(Provided entries begins)

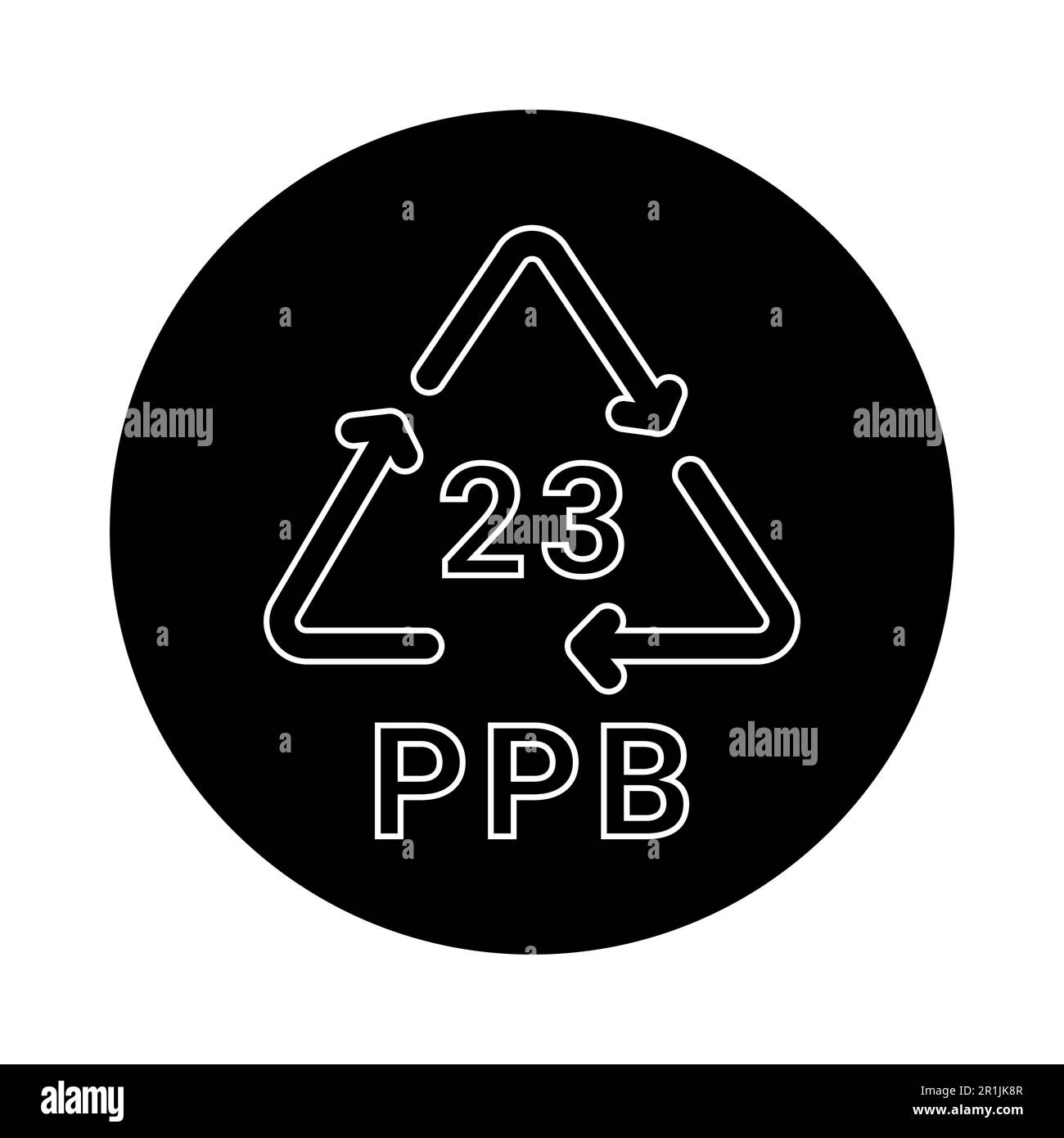 Paper recycling code PPB 23 line icon. Consumption code. Editable
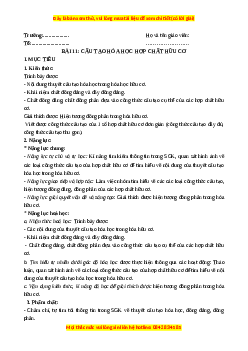 Giáo án Cấu tạo hóa học hợp chất hữu cơ Hóa học 11 Chân trời sáng tạo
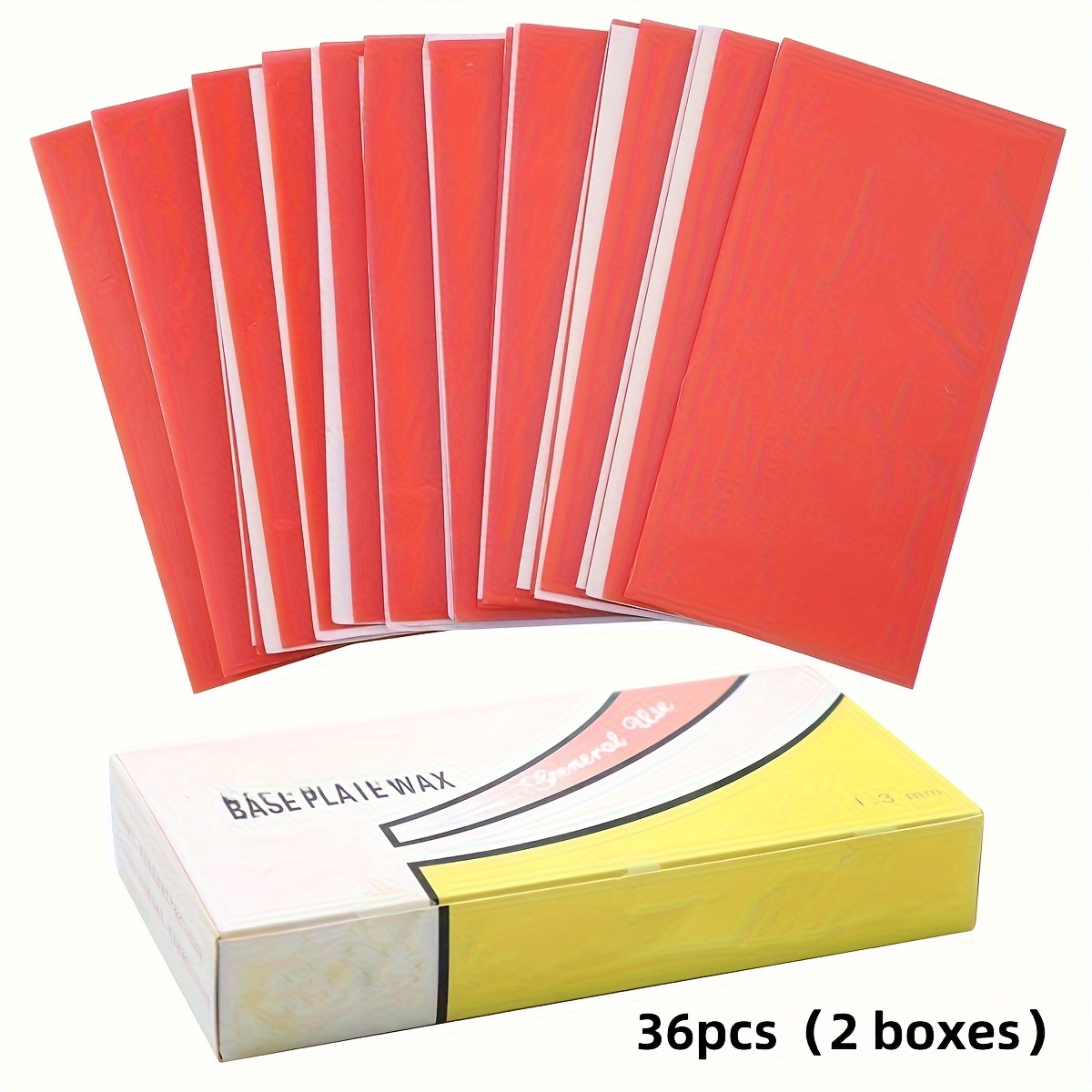 2 Boxes Of 36 Denture Model Bases Red Wax Sheets- Vibrant, Durable, Reusable, Trim-to-fit For Denture Models, Advanced Dentures, And Other Applications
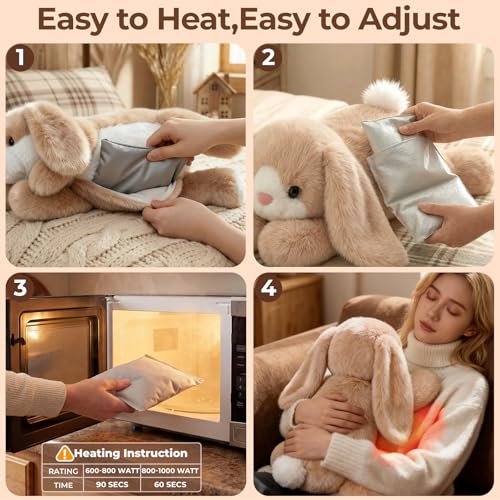 Image of Mewaii Weighted Stuffed Animals for Adults & Kids, 2-5 lbs - 23 inch Heatable Coolable Bunny Plush, Microwavable Adjustable Removable Inner Pad, Realistic Hug Comfort Easter Gift (Cream White)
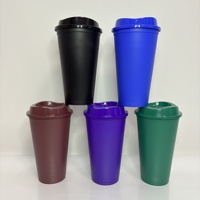 Gobelet de voyage réutilisable en plastique multicolore avec couvercle à boire directement, sans BPA, pour boissons froides, idéal pour la salle de sport, café glacé et jus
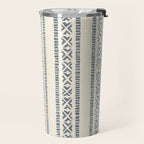 oceania vertical stripes - navy blue on cream Travel Mug Gallery Image 2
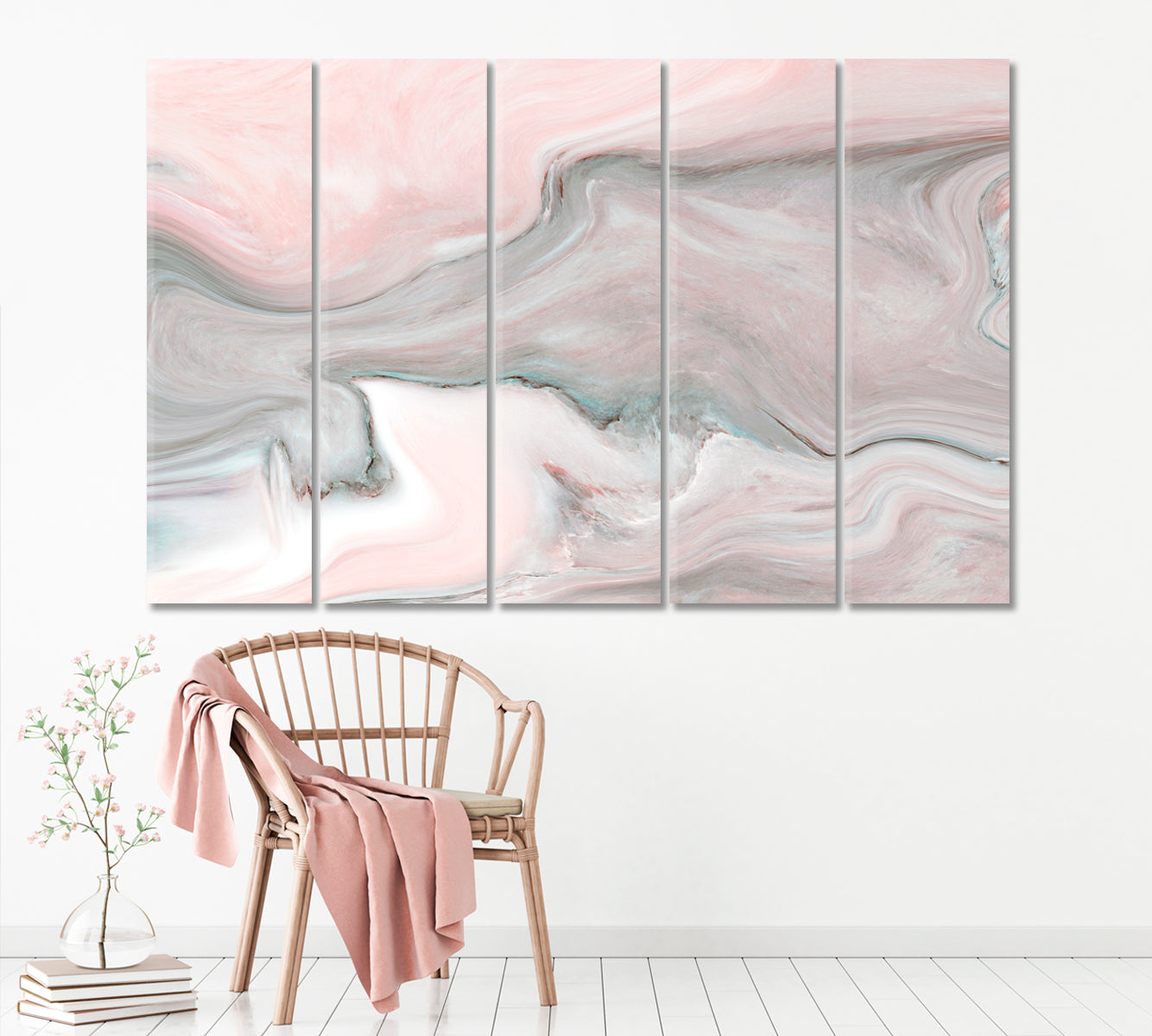 Abstract Pink Wavy Marble Canvas Print ArtLexy 5 Panels 36"x24" inches 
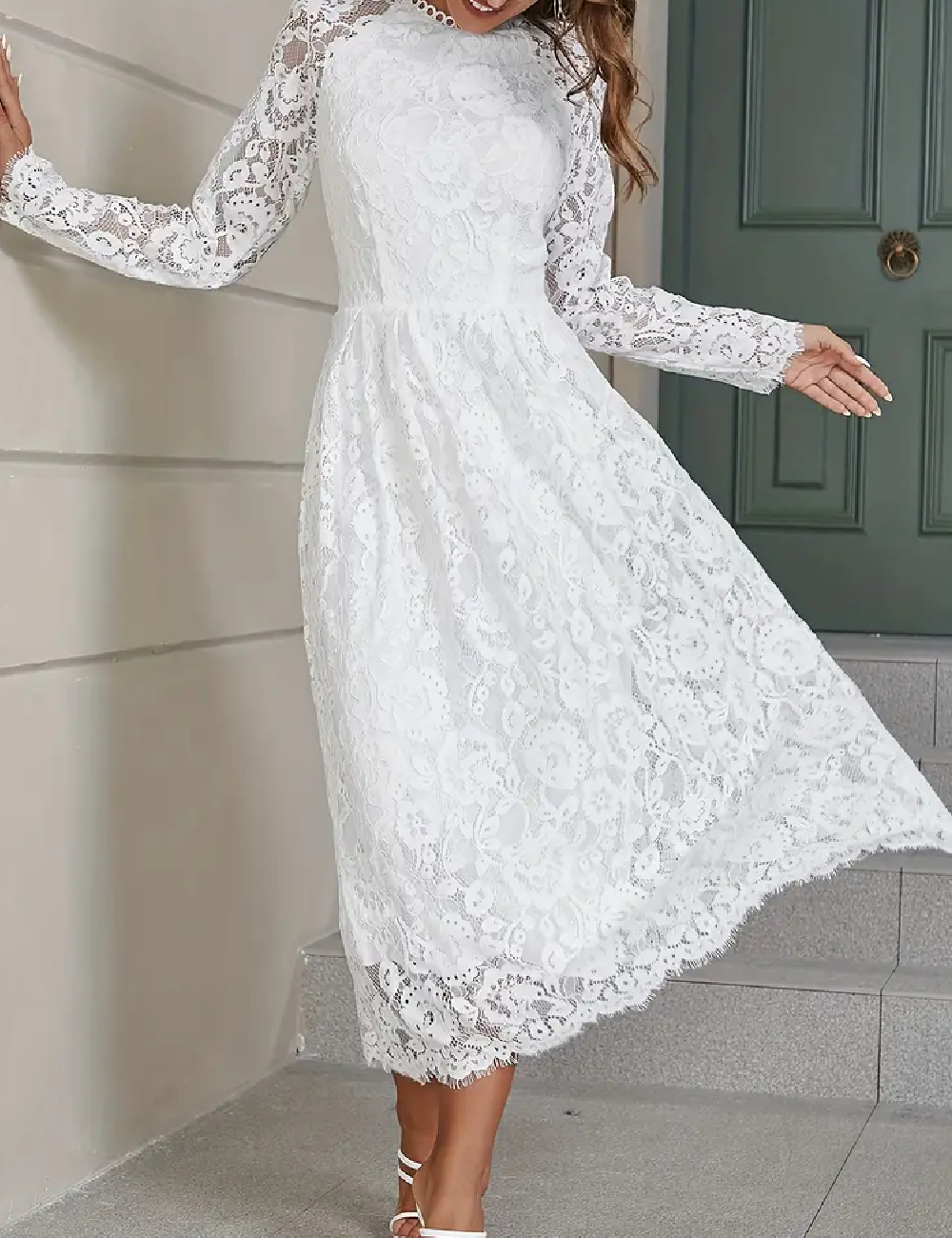 Rochie medie SHEIN, alb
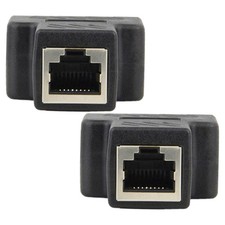 2Pcs Plastic Network Adapter Connector Reusable Durable Rj45 Connector Black picture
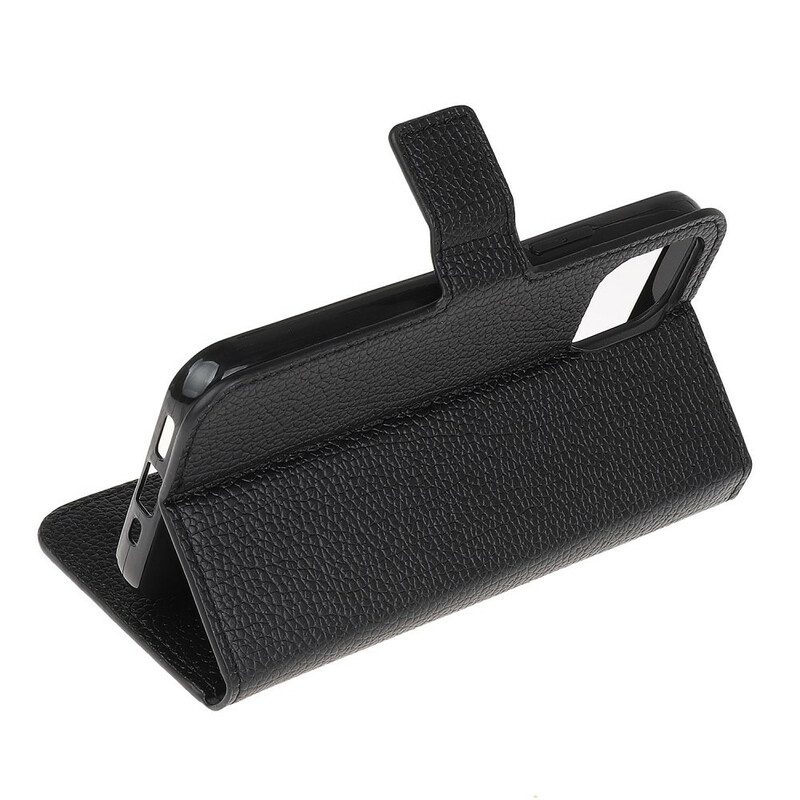 Custodia in pelle iPhone 13 Pro Effetto Pelle Grana Litchi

(Provided entries ends)

Your goal | All records are to be reproduced exactly; the pictures are to be omitted.

Solution for this problem |
 Paper recycling code PPB 23 line icon. Consumption code. Editable
 Giáo án Cấu tạo hóa học hợp chất hữu cơ Hóa học 11 Chân trời sáng tạo
 2 Boxes Of 36 Denture Model Bases Red Wax Sheets- Vibrant, Durable, Reusable, Trim-to-fit For Denture Models, Advanced Dentures, And Other Applications
 Image of Mewaii Weighted Stuffed Animals for Adults & Kids, 2-5 lbs - 23 inch Heatable Coolable Bunny Plush, Microwavable Adjustable Removable Inner Pad, Realistic Hug Comfort Easter Gift (Cream White)
 Gobelet de voyage réutilisable en plastique multicolore avec couvercle à boire directement, sans BPA, pour boissons froides, idéal pour la salle de sport, café glacé et jus
 oceania vertical stripes - navy blue on cream Travel Mug Gallery Image 2
 Abstract Pink Wavy Marble Canvas Print ArtLexy 5 Panels 36"x24" inches 
 Rochie medie SHEIN, alb
 2Pcs Plastic Network Adapter Connector Reusable Durable Rj45 Connector Black picture
 Custodia in pelle iPhone 13 Pro Effetto Pelle Grana Litchi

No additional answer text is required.